-------- Input

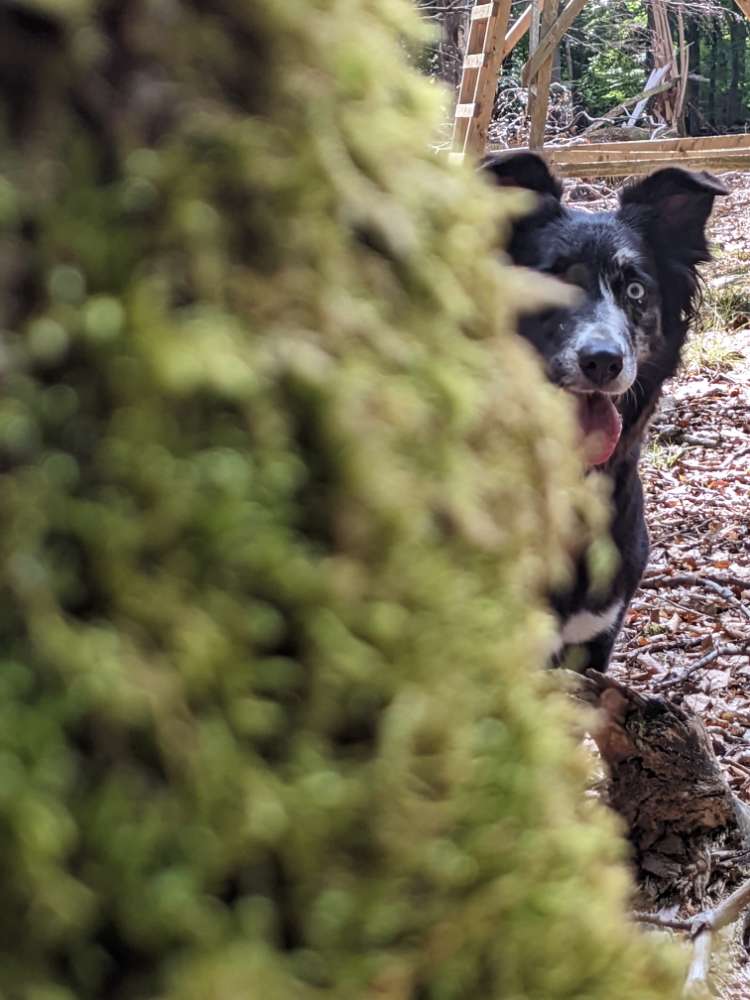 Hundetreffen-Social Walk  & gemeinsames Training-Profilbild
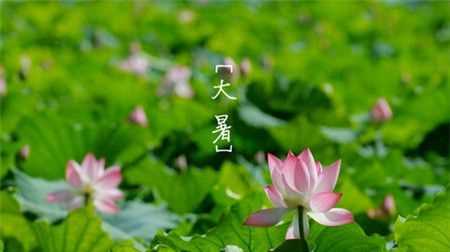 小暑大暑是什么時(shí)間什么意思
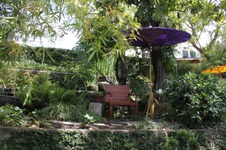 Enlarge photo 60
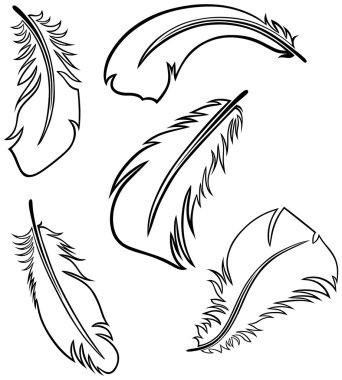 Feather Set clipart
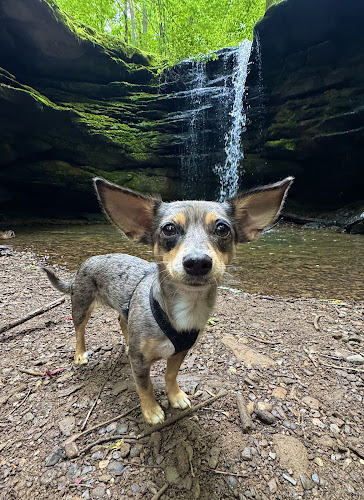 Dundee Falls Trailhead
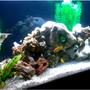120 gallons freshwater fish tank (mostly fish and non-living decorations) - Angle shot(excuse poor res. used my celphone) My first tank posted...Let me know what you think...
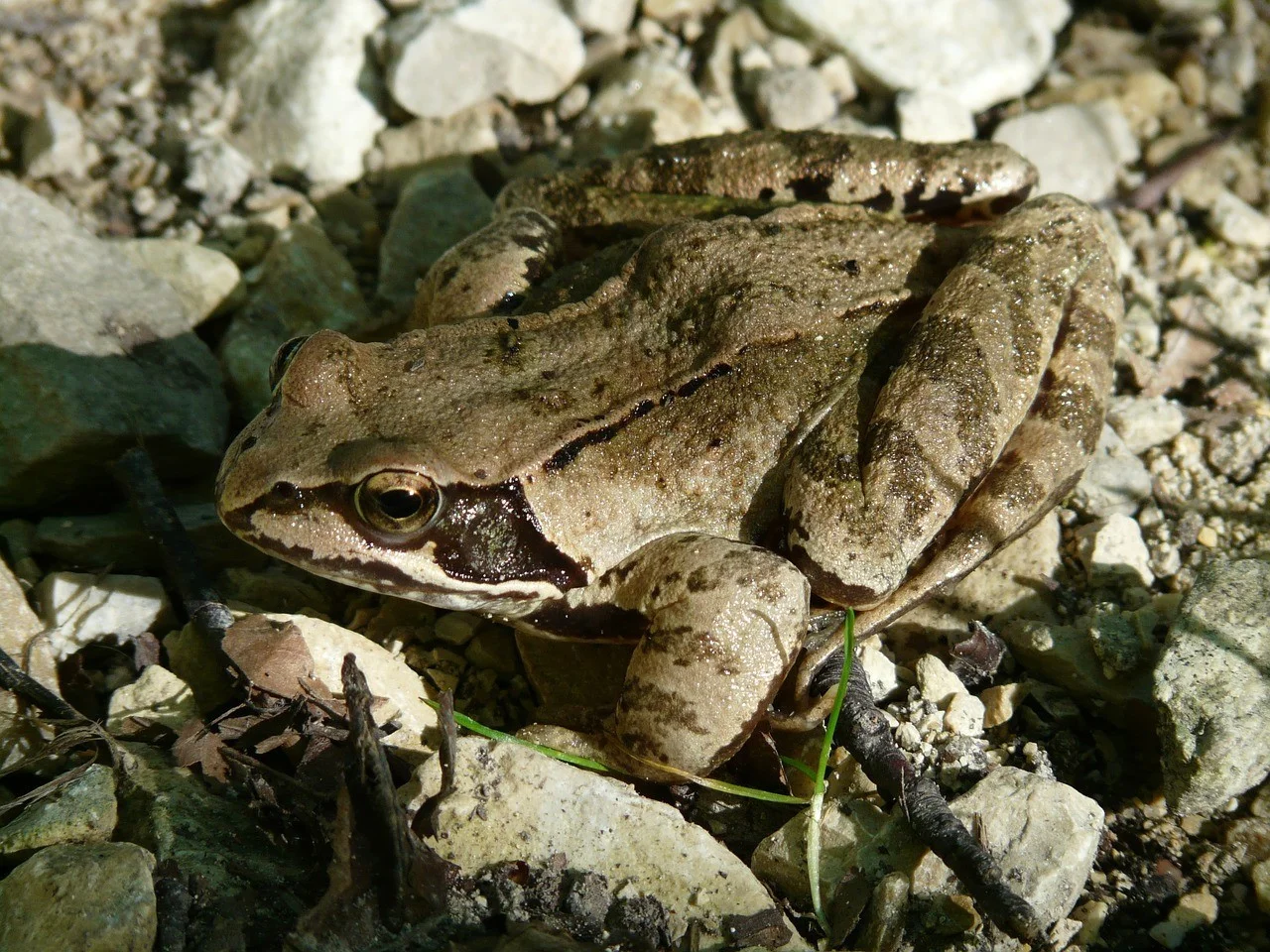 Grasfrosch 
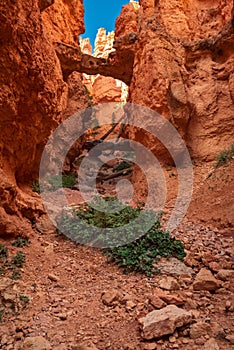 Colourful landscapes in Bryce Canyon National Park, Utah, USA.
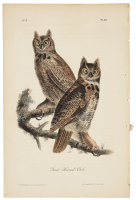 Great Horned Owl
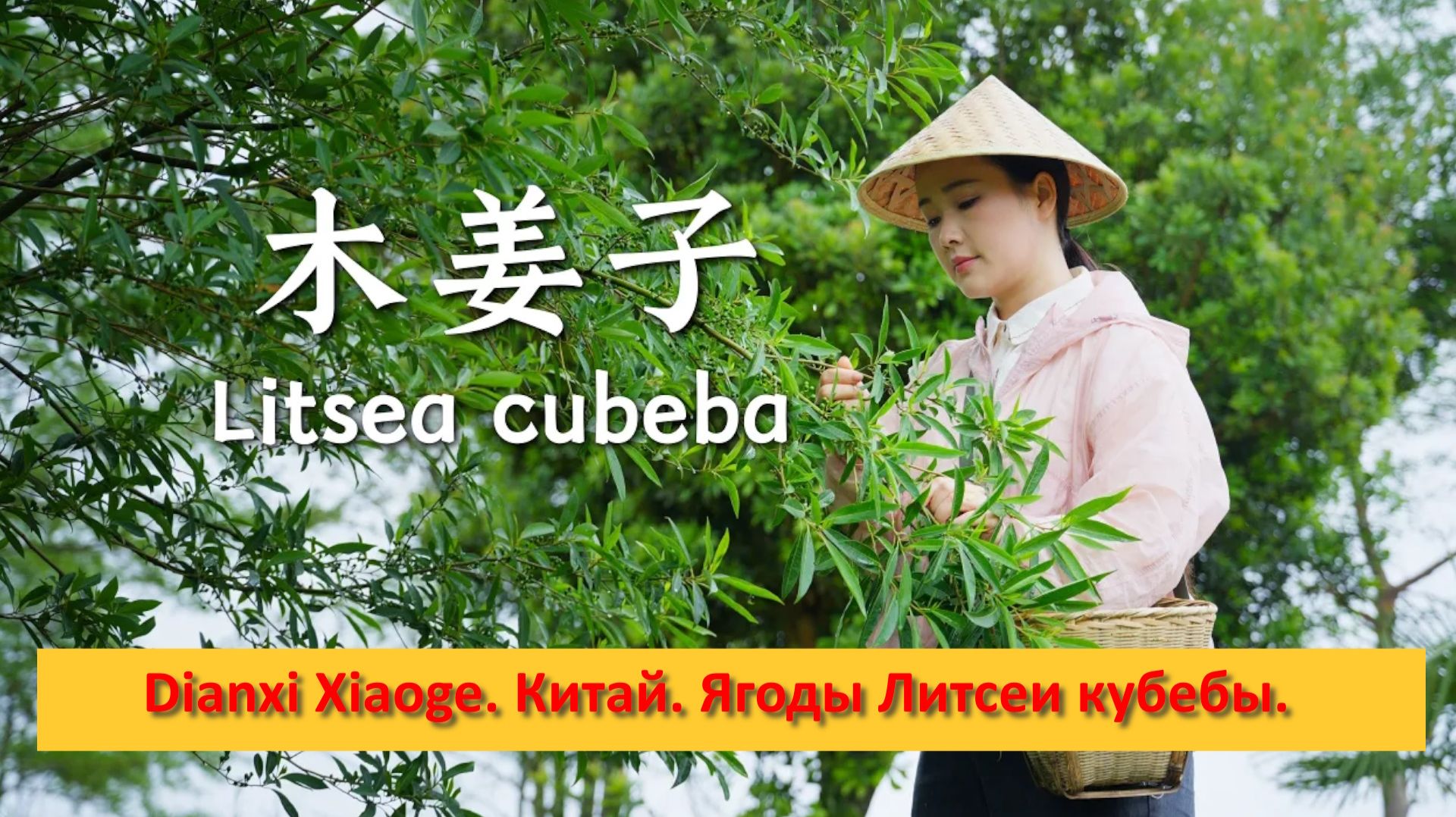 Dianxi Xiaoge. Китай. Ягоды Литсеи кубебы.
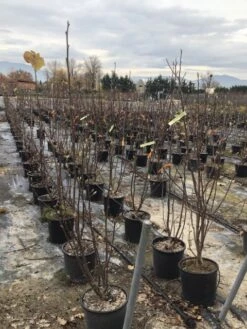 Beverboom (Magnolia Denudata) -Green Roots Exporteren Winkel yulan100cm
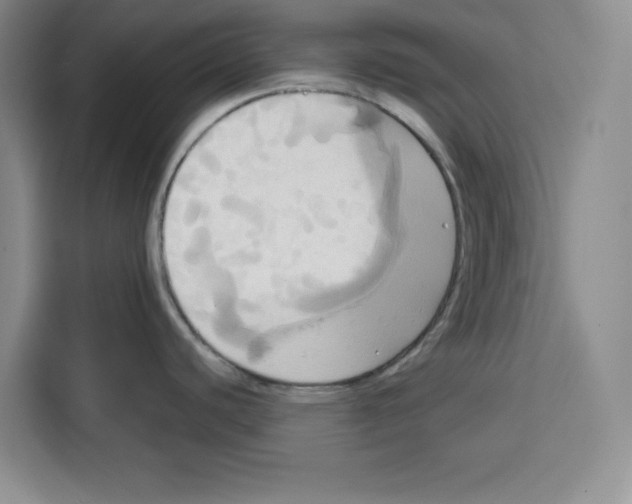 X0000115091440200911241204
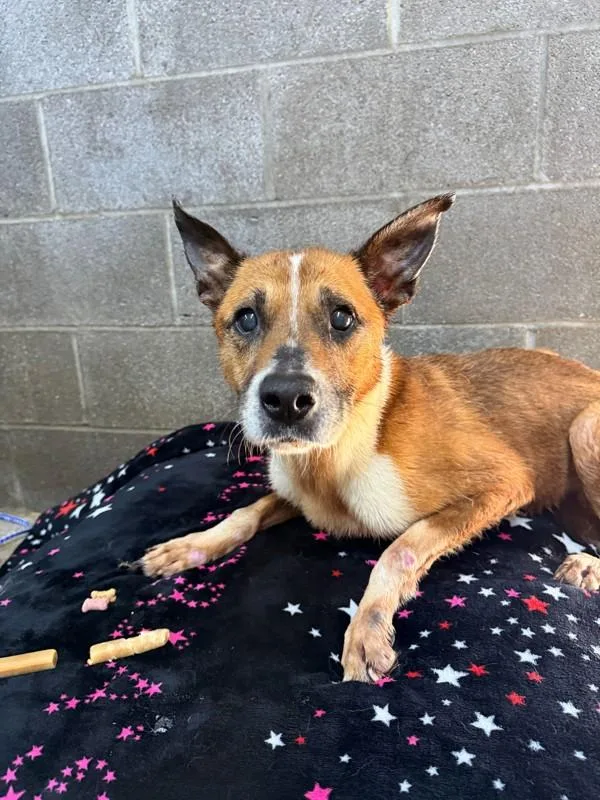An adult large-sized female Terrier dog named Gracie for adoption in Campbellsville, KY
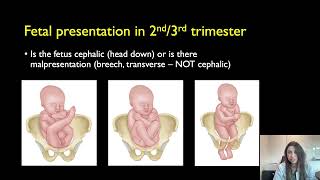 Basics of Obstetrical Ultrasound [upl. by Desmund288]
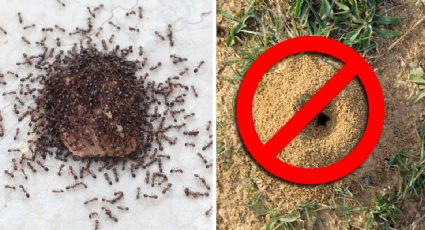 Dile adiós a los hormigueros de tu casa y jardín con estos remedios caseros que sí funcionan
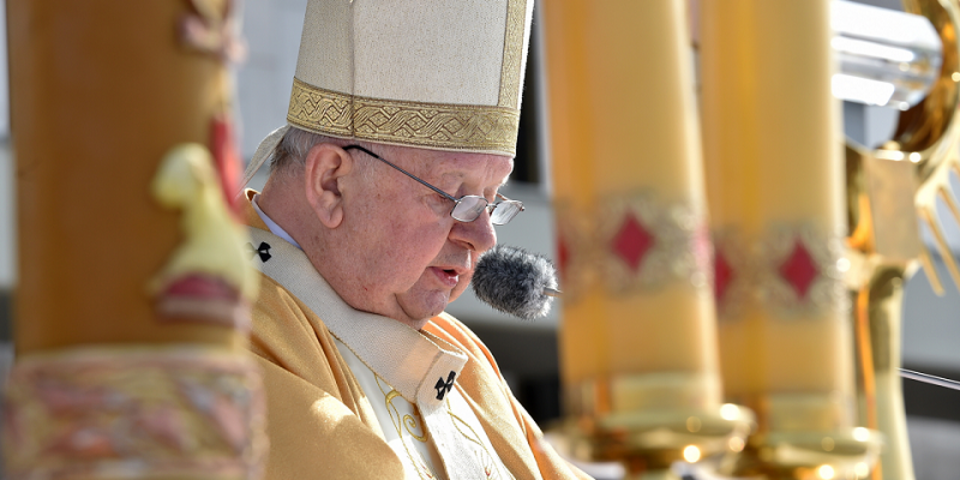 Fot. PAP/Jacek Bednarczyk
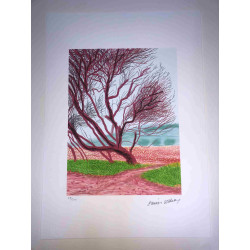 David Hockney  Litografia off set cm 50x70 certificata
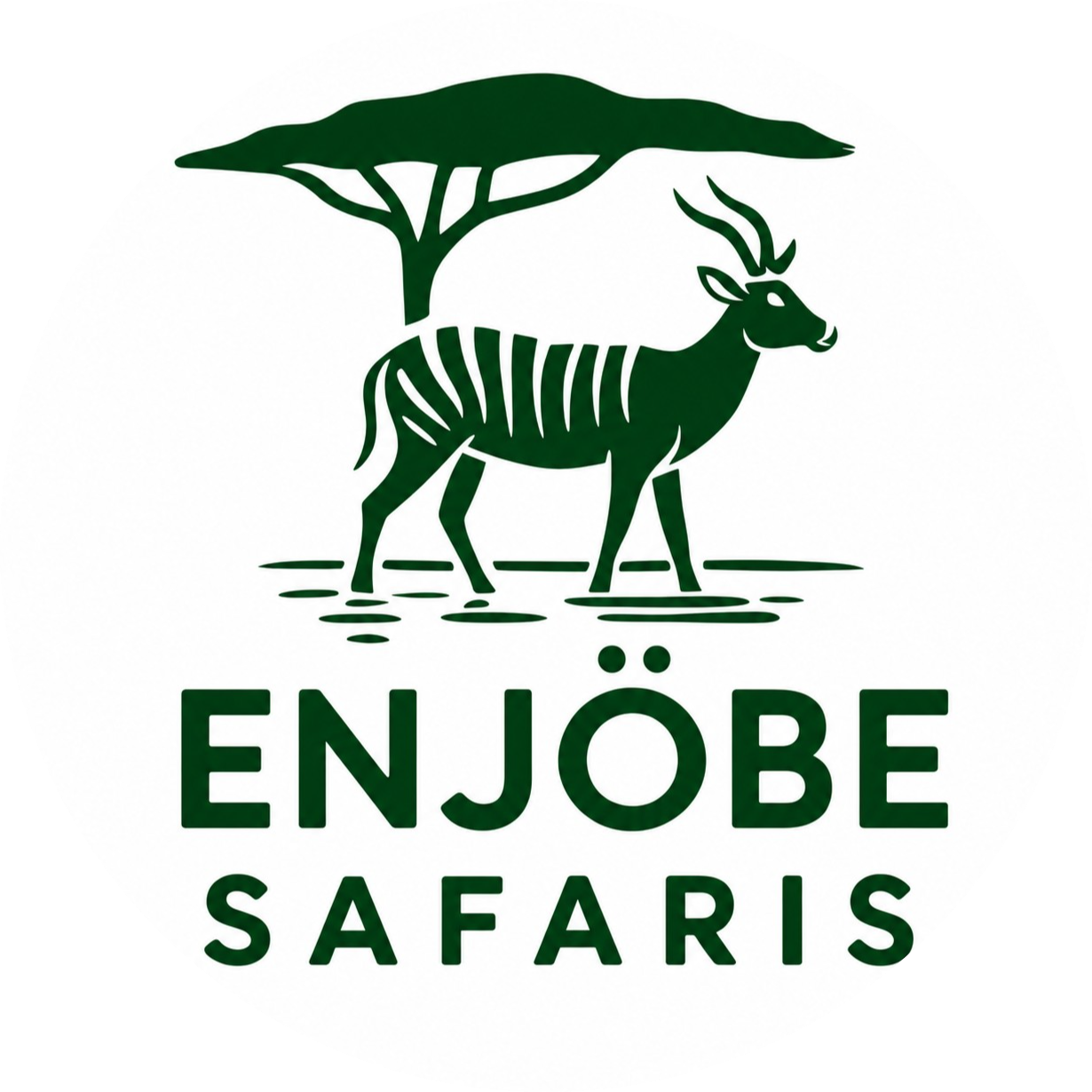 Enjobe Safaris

----------------

### Exercise goal
Please retype the lines from the one that contains "120 gallons freshwater" through the final line of the data, both included, without any pictures.

### Task output
120 gallons freshwater fish tank (mostly fish and non-living decorations) - Angle shot(excuse poor res. used my celphone) My first tank posted...Let me know what you think...
 Grasfrosch 
 Colourful landscapes in Bryce Canyon National Park, Utah, USA.
 Great Horned Owl
 Dianxi Xiaoge. Китай. Ягоды Литсеи кубебы.
 Beverboom (Magnolia Denudata) -Green Roots Exporteren Winkel yulan100cm
 X0000115091440200911241204
An adult large-sized female Terrier dog named Gracie for adoption in Campbellsville, KY
 Basics of Obstetrical Ultrasound [upl. by Desmund288]
 Dile adiós a los hormigueros de tu casa y jardín con estos remedios caseros que sí funcionan
 Fot. PAP/Jacek Bednarczyk
 David Hockney  Litografia off set cm 50x70 certificata
 Enjobe Safaris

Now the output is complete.